Last week Andrea Baines told us how her life changed dramatically when she switched to a raw food diet four years ago. To prove a raw food diet is not all salad and seeds, here Andrea shares her recipe for raw chocolate tart recipe.
We’ve all heard the good news that a bit of dark chocolate can be good for us, but did you know that raw chocolate is actually a super-food?

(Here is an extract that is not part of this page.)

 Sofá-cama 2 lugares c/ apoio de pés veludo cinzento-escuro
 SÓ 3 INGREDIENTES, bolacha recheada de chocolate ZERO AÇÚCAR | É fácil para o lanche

Cacao, to give it its proper name, is made from unroasted cocoa beans and is one of the richest sources of magnesium, highly anti-oxidant and contains theobromine, a natural stimulant that can help to lift the mood! And what I am most grateful for is that it “cured” my chocolate addiction! Seriously, when I started to eat raw chocolate, regular chocolate lost so much appeal!
Here’s my delicious Raw Chocolate Tart recipe, which is so rich you won’t even notice that it doesn’t contain eggs, cream, refined sugar or wheat.
Raw cacao can be sourced online or at most health food stores. We also have a link on our website at The Raw Vision where you will find specialist raw food ingredients.
You will need:
9-10” Tart dish with removable base (or similar pie dish)
Ingredients for the base:
200g Golden Raisins
50g Desiccated Coconut
Pinch of salt
Ingredients for the filling:
6-8 pitted Medjool Dates (if you can’t get Medjool and your dates are quite dry, soak in a little water for an hour beforehand)
180 ml Agave Syrup / Maple Syrup
2 tsp Vanilla Extract
2 large ripe Avocados (they must be a little soft to the touch)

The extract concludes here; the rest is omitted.